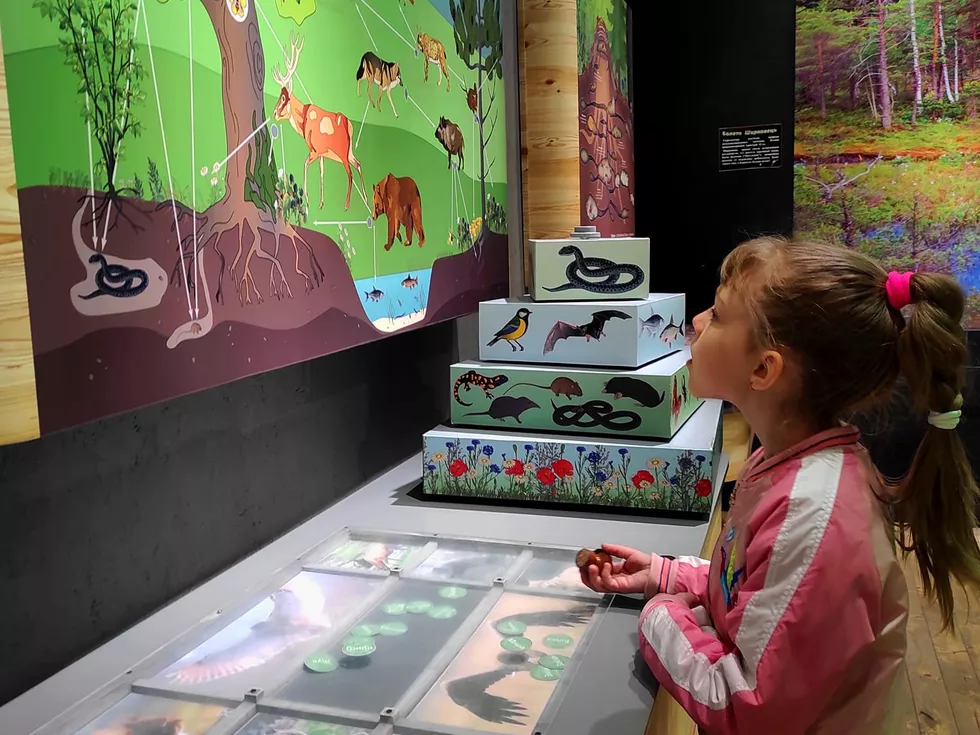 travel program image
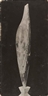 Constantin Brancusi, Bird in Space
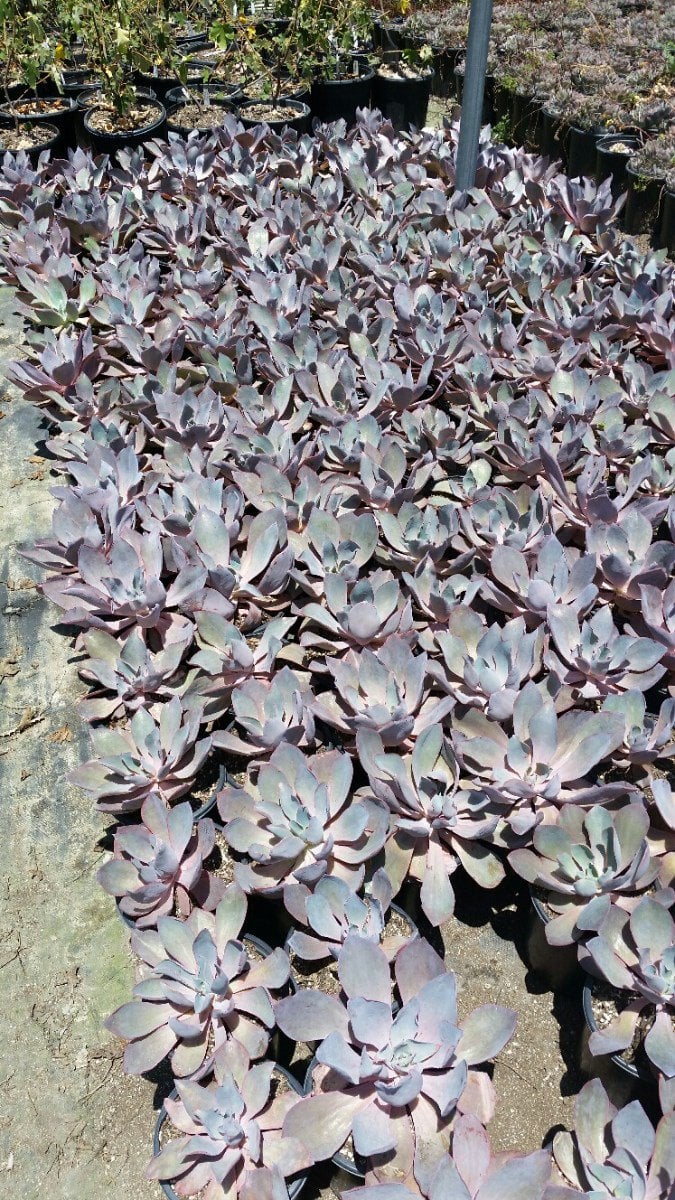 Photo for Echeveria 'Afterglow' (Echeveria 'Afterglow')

YOUR ASSIGNMENT →
Reproduce the data above exactly, leaving each picture out.

SOLUTION BELOW →
 travel program image
 Constantin Brancusi, Bird in Space
 Photo for Echeveria 'Afterglow' (Echeveria 'Afterglow')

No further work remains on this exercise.